Hornstein O P, Heyer G
Department of Dermatology, University of Erlangen-Nürnberg, FRG.
Acta Derm Venereol Suppl (Stockh). 1989;144:149-52. doi: 10.2340/00015555144149152.
Patients suffering from atopic eczema (AE) often exhibit general disturbances of vasovegetative skin functions. Thus, in 21 patients with AE we studied the response of the skin of one forearm to standardized 15-min exposure of the other forearm to a moderate cold bath (17-18 degrees C) and then, after a resting time, to a hot bath (40-41 degrees C). The results were compared with those in 23 age- and sex-matched healthy controls under the same experimental conditions.
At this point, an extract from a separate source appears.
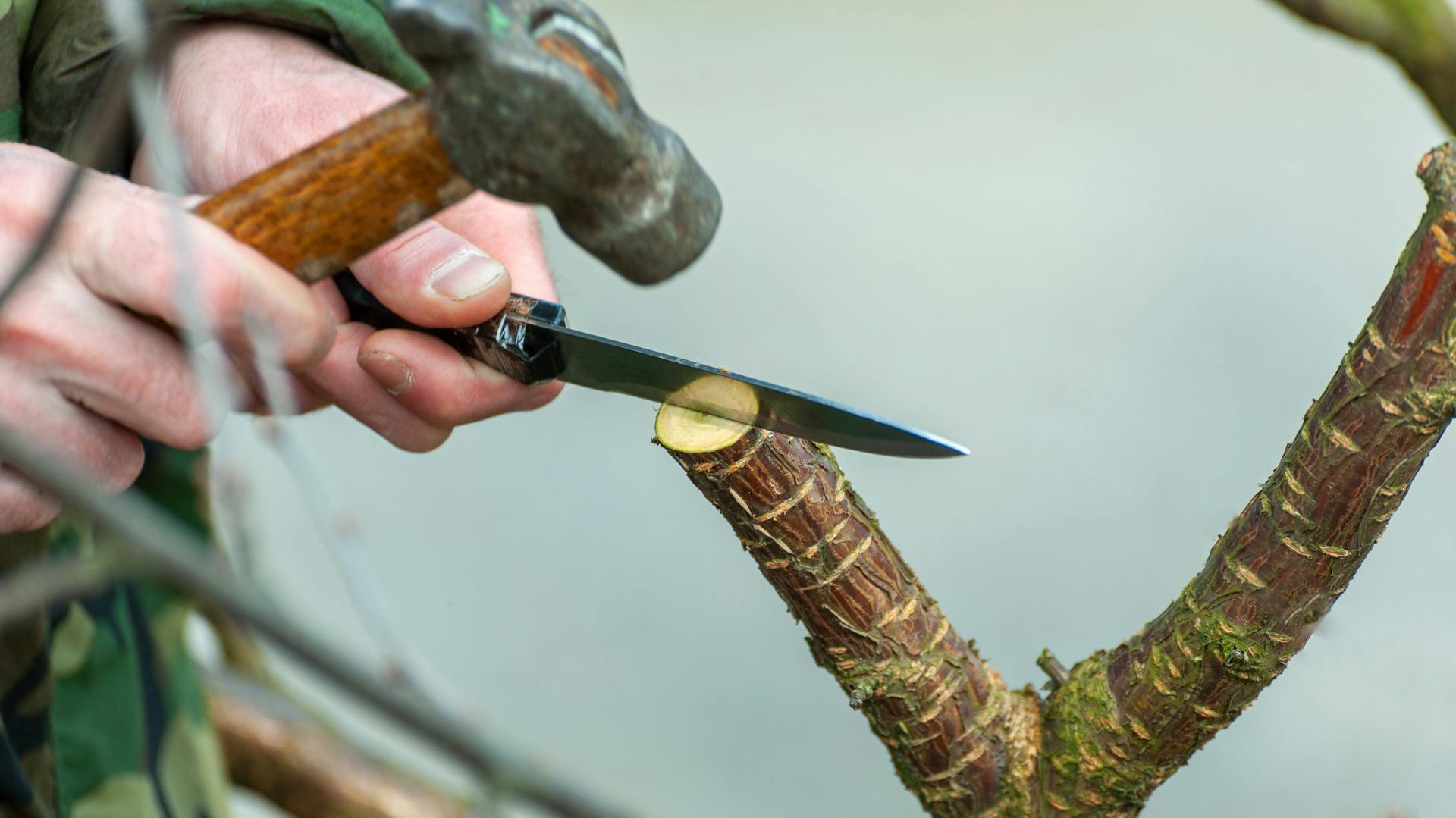 Jemand schneidet den Ast eines Obstbaumes mit Messer und Hammer ein.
In most patients, the unilateral skin exposure to warmth left the temperature of the contralateral forearm nearly unchanged or even slightly decreased, whereas the exposure to cold induced either a slight rise in contralateral skin temperature or only a minute decrease. In contrast to the normal consensual temperature reaction of the non-exposed forearm to warmth exposure of the contralateral arm in most controls, the results in atopic patients indicate a "rigid" or even inverse ("paradoxical") response to the thermic stimuli applied. This abnormal pattern of thermoregulation may reflect an intrinsic disturbance of the peripheral and hypothalamic autonomous neural system involved in the pathogenetic conditions of AE.
患有特应性皮炎(AE)的患者常表现出血管营养性皮肤功能的全身性紊乱。因此,我们对21例AE患者进行了研究,让其一侧前臂皮肤接受标准化的15分钟暴露,即对另一侧前臂进行适度冷水浴(17 - 18摄氏度),然后在休息一段时间后,再进行热水浴(40 - 41摄氏度)。将结果与23名年龄和性别匹配的健康对照者在相同实验条件下的结果进行比较。在大多数患者中,单侧皮肤暴露于温暖环境时,对侧前臂的温度几乎不变甚至略有下降,而暴露于寒冷环境时,对侧皮肤温度要么略有上升,要么仅有微小下降。与大多数对照者中未暴露的前臂对侧臂温暖暴露的正常同感温度反应不同,特应性患者的结果表明其对所施加的热刺激有“僵化”甚至相反(“矛盾”)的反应。这种异常的体温调节模式可能反映了参与AE发病机制的外周和下丘脑自主神经系统的内在紊乱。